● EXERCISE DETAILS: Set down only these lines, exactly: the line containing "Barefoot Minimalist Shoes" and all lines through the end of the data below. Omit pictures.

### MATERIAL FOR THIS TASK ###

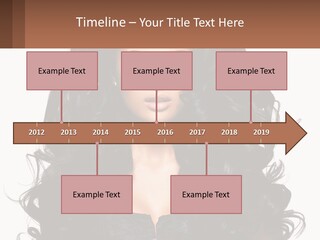 A Woman With Long Black Hair Is Holding A Brown Sign PowerPoint Template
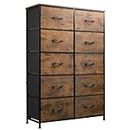 WLIVE Tall Dresser for Bedroom with 10 Drawers, Chest of Drawers, Fabric Dresser for Nursery, Closets, Storage Organizer Unit with Fabric Bins, Steel Frame, Wood Top, Rustic Brown Wood Grain Print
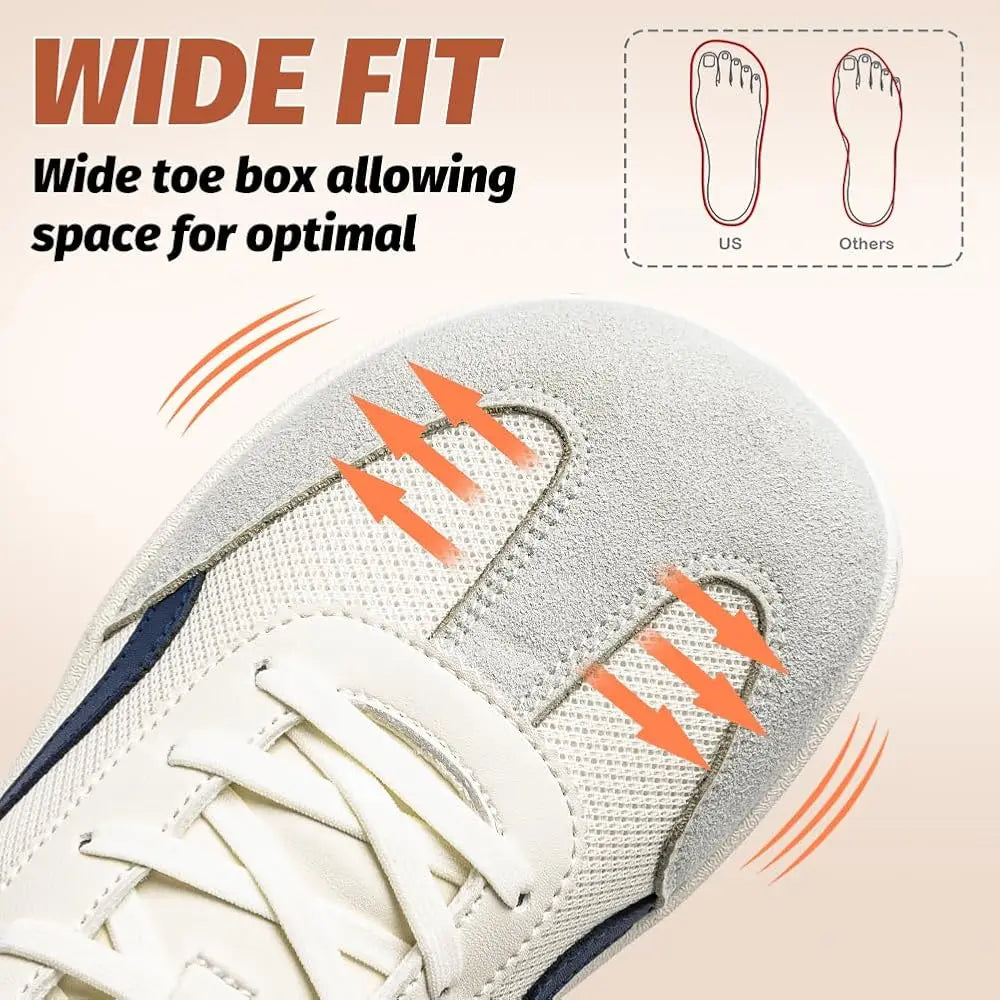 Barefoot Minimalist Shoes Mesh Lightweight Wide Toe Box Slip-on Fashion Sneakers for Womens Mens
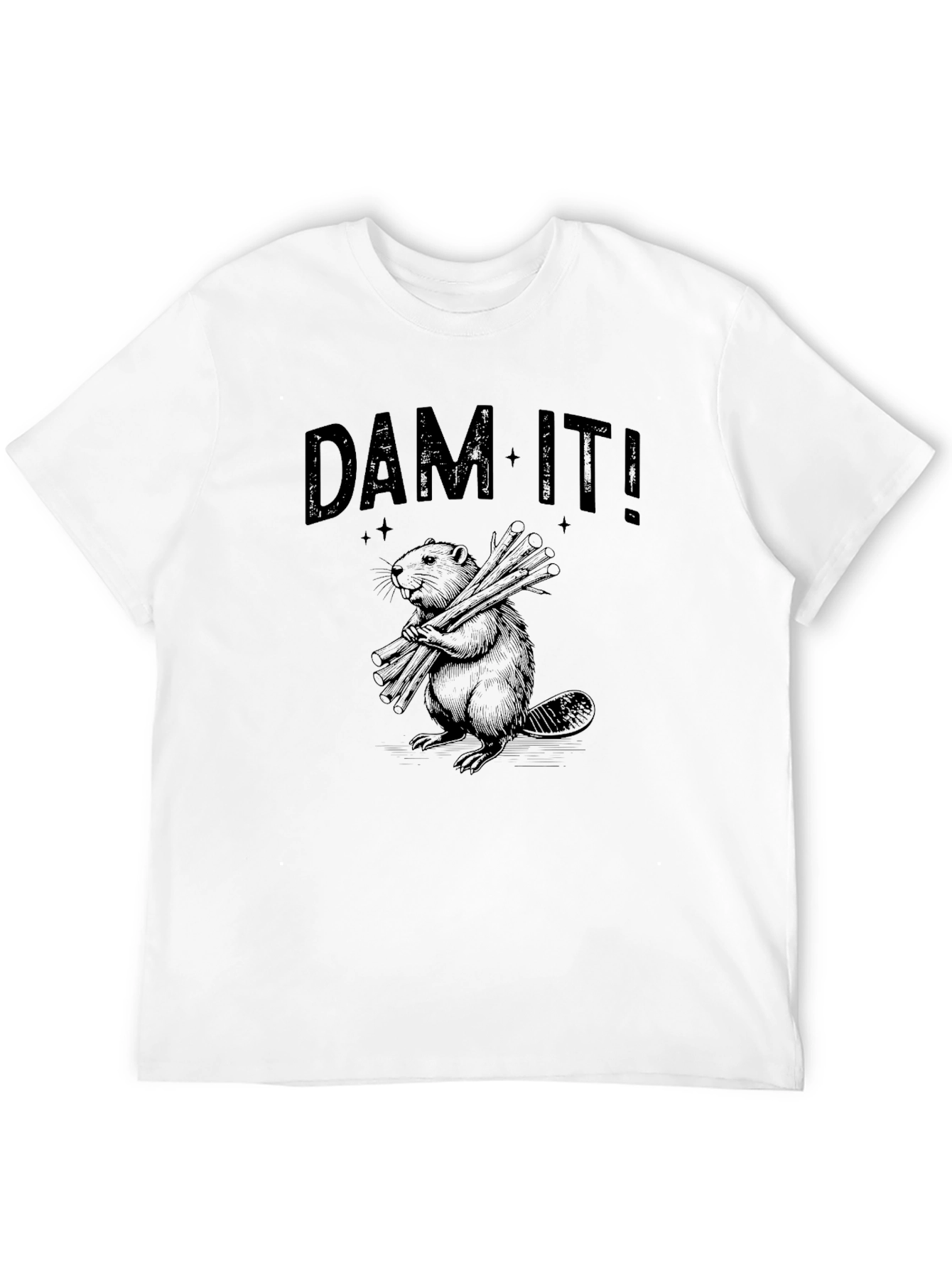 Black Dam It! Beaver Graphic Novelty T-Shirt view 12
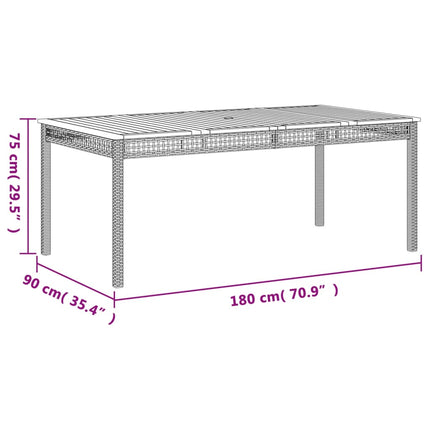 Set da Pranzo da Giardino 7 pz Nero con Cuscini in Polyrattan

###

● ANSWER SECTION:
 Barefoot Minimalist Shoes Mesh Lightweight Wide Toe Box Slip-on Fashion Sneakers for Womens Mens
 Black Dam It! Beaver Graphic Novelty T-Shirt view 12
 Set da Pranzo da Giardino 7 pz Nero con Cuscini in Polyrattan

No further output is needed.